Who am I? I love America because it gave my family every chance possible. My brother and I both attended college and I went on to two Master’s Degrees. Only in America. I have a sensitivity to the foreigner and respect people of different origins. I revel in people who speak more than one language.
I am an American. But my family needed a “sponsor” to reach these shores. They needed a helping hand. They were not the normal immigrants. My father was “too old.” And yet, my mother succeeded in breaking through all those barriers. I am the daughter of a fighter who would not accept “no” as an answer to her plight. I am the daughter of a man who spoke no English. I am the daughter who learned English on the street.
So, there was a turning point. I married an American and one of our primary connections was our faith. He did not speak Latvian, and really, why should he? In order to engage fully in a Latvian community (in Baltimore), we would have to give as much time to that connection as we gave to our local church. I chose my faith over my heritage. Did I do the right thing? Who’s to say?
My daughter, who has been here fifteen years, has chosen her heritage. She is fully engaged with the language and the culture, and I admire her for her fortitude. My boys, who were much younger (4 and 5) when they came to this country, did not have the same freedom of choice. They no longer speak Latvian. It’s a kind of sorrow, a kind of loss.
Now, my husband is gone (deceased in 2014) and really, there is nothing keeping me from re-engaging with my heritage? Will I do it? I doubt it. I respect my Latvian friends from my childhood, but it was not my way. I am a hybrid.
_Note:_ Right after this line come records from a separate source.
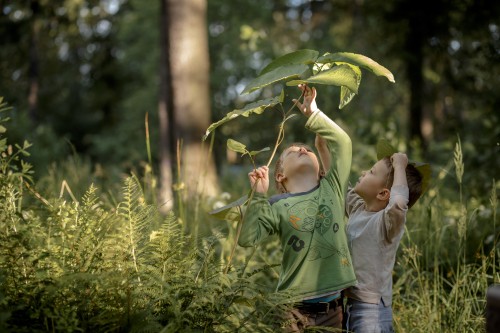 Kinder spielen frei im Wald
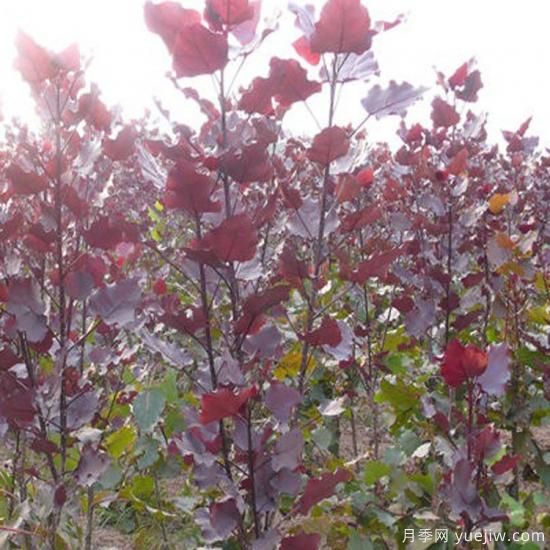 中華紅葉楊，世界唯一的高大喬木彩色速生樹(shù)種(圖1)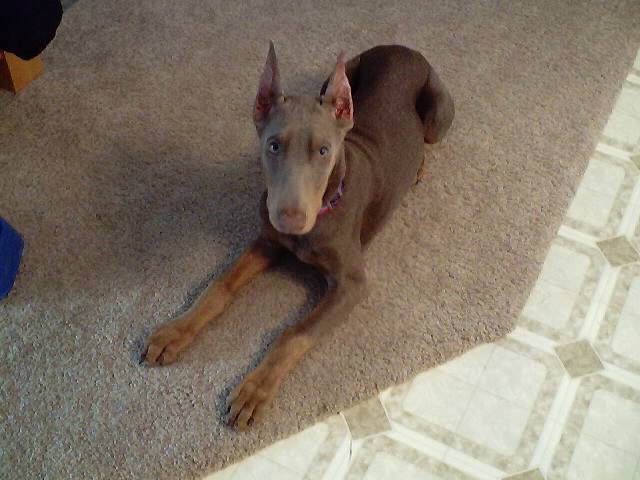 Chilly 4 mths~ fawn Doberman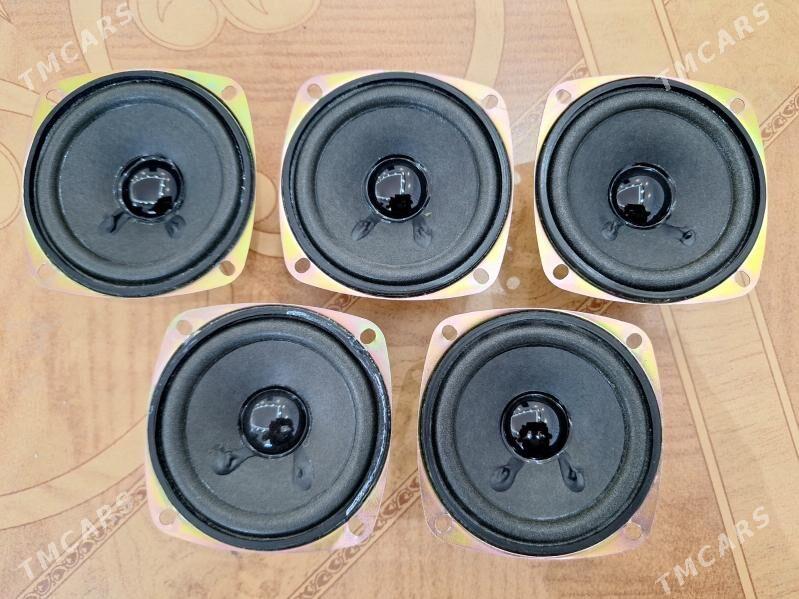 Kalonkalar - Кëши - img 1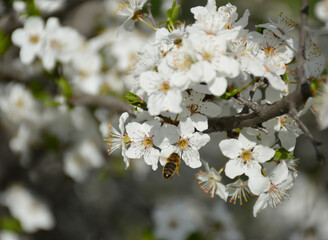 Selective focus of beautiful branches of white cherry blossoms on a tree under a blue sky. the bee pollinates the flower of the future berry. pollen and nectar collected on the paws of an insect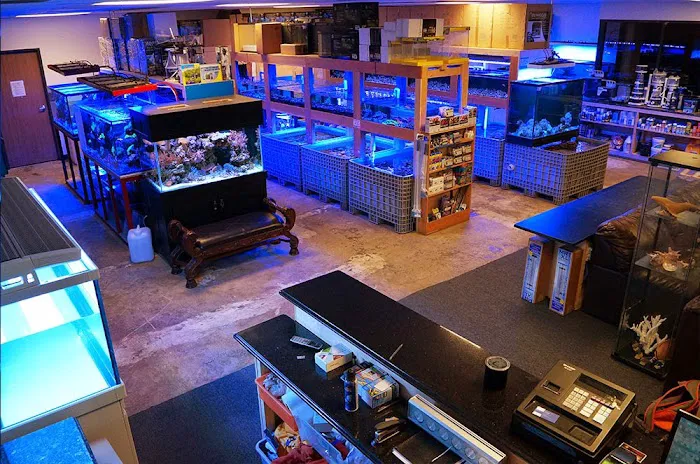 Reef Lounge USA Picture 5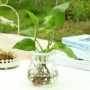Cây thủy canh bình thủy tinh bóng mực đồng văn hóa với cột trồng chậu thủy sinh trong chậu màu xanh lá cây - Vase / Bồn hoa & Kệ chau nhua trong cay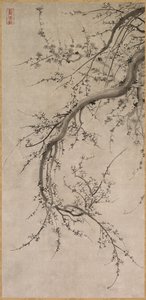 梅 作者 归功于加野英诺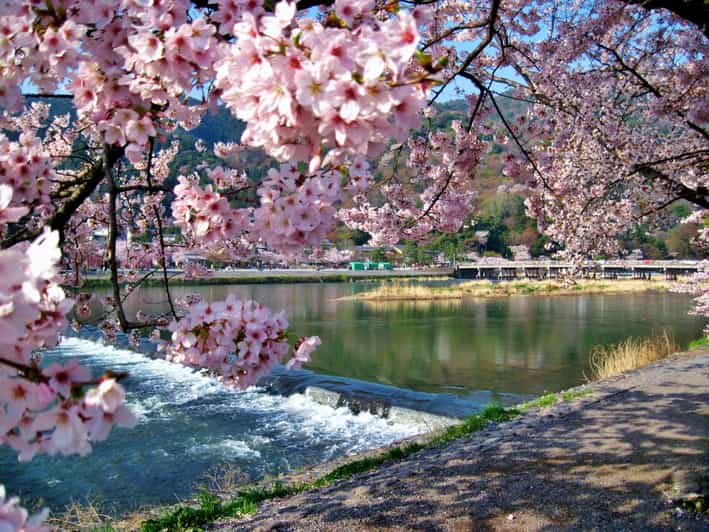 从大阪/京都出发：金阁寺、岚山、伏见稻荷、奈良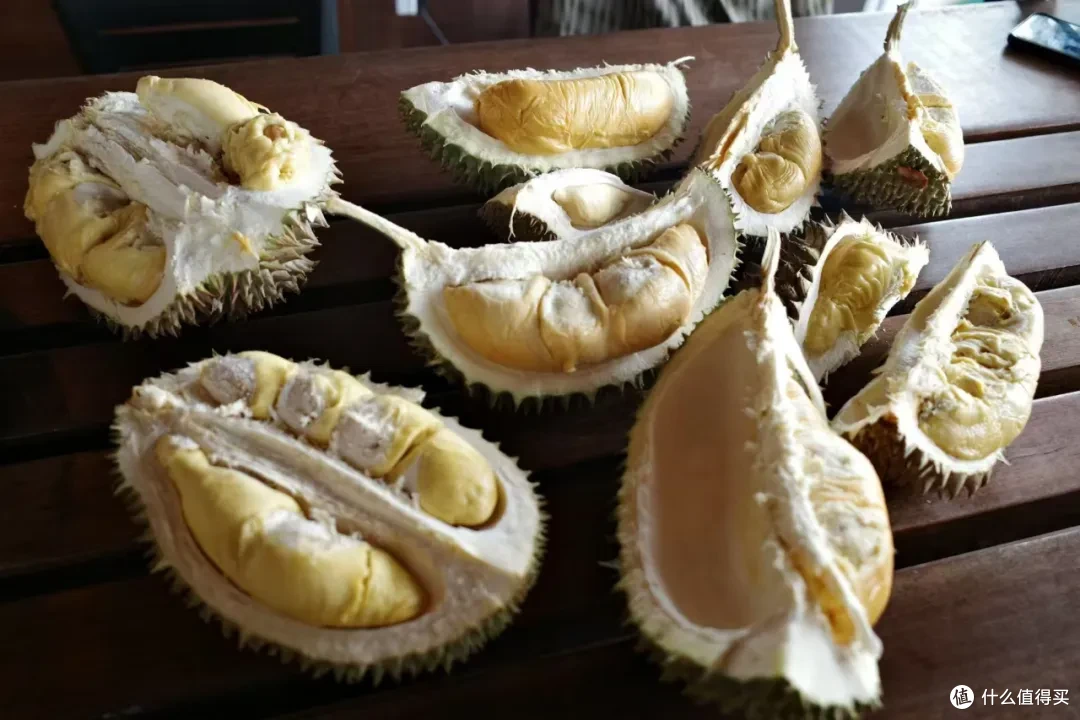 包了一座榴莲庄园，玩了把大的！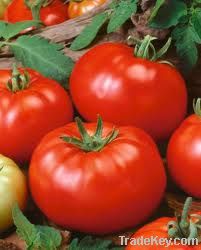 Prada F1 Hybrid Tomato Seeds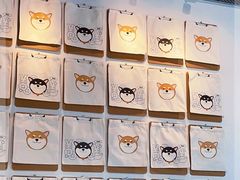 -柴务处·柴犬主题狗咖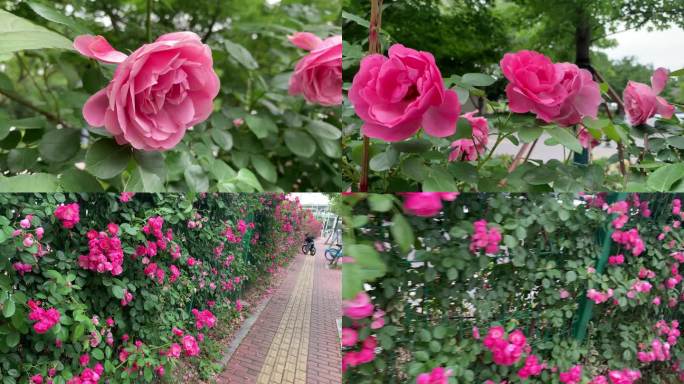蔷薇花 月季花 篱笆花墙
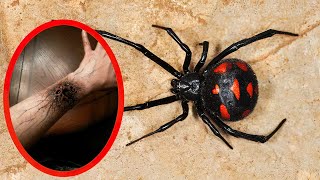 Top 10 MOST VENOMOUS SPIDERS In The World [upl. by Dorelle]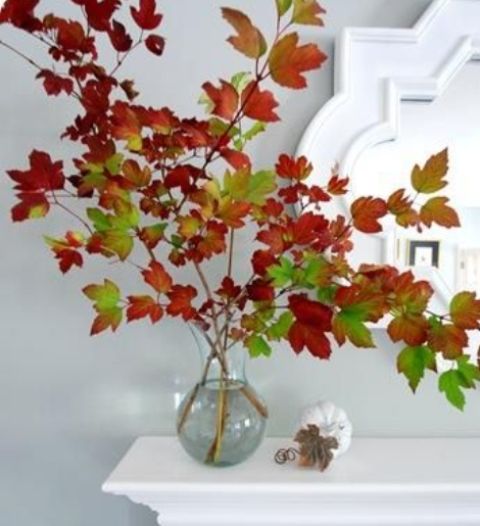 красные листья - настоящее украшение 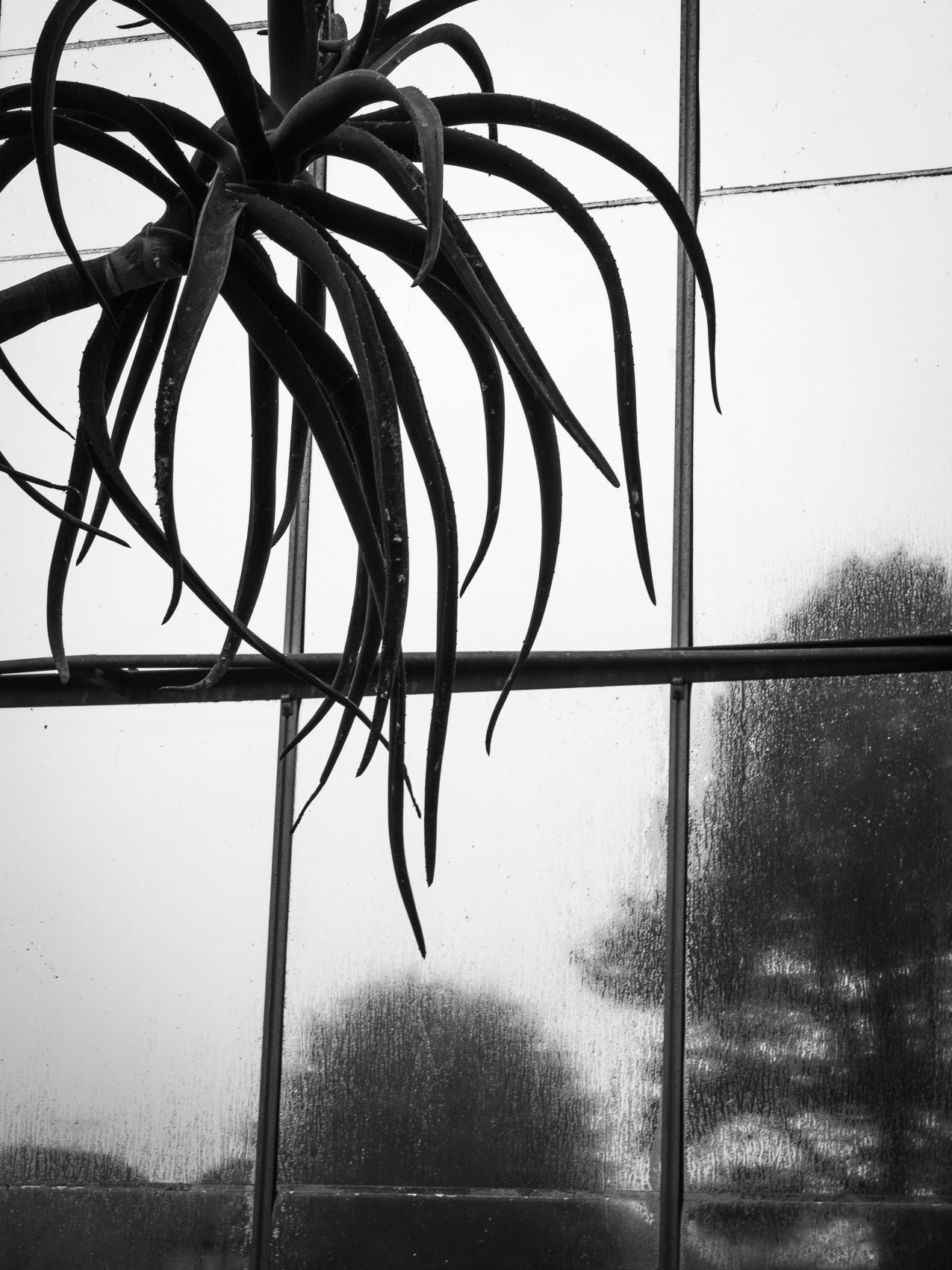 Cactus plant silhouetted against a glasshouse window at The University of Dundee Botanic Garden. DD044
Agnes Sofia Herta Elizabet Busch
It’s hard for us to understand those cultural dynamics before and after the first World War. Although Latvian nationalism was high with their declaration of independence on November 17, 1917, there were still large numbers of Germans who remained in the country. They were very much the upper class with privileges, vestiges of nobility, estates, great wealth, and power.
My mother’s mother, Wilhemina, was one of four sisters who had grown up on a German Manor in Lithuania at a time when such nobility was breaking up and Russians were entering territories to make their claims to the lands and the peoples. The sisters left and headed for the New York City of their region: Riga. And it was here that Wilhemina stayed, married a Latvian barber, and bore a child. But her goal was that her daughter would have more than she had: a better education, a future, a chance to make something more of her life.
And so, in her mind, it was smarter to enroll her daughter in a German school, not a Latvian one, to embrace the power of the Baltic Germans and their influence and to meet “better” people.
As a result, my mother was raised in a dual culture, with one foot in Latvia and another in German history, traditions, and attitude. She was ambitious as a youngster and although they were poor as mice, living all together in one room, she, her younger brother Harry, her mother Wilhemina and her father, Paul. The men shared one bed and the women the other. She had only one dress and one pair of shoes and her black stockings were many times repaired. And yet, she went to the German school and she studied hard, even learning English and French because of her love for languages.
This was her life until she turned fifteen, when everything changed forever.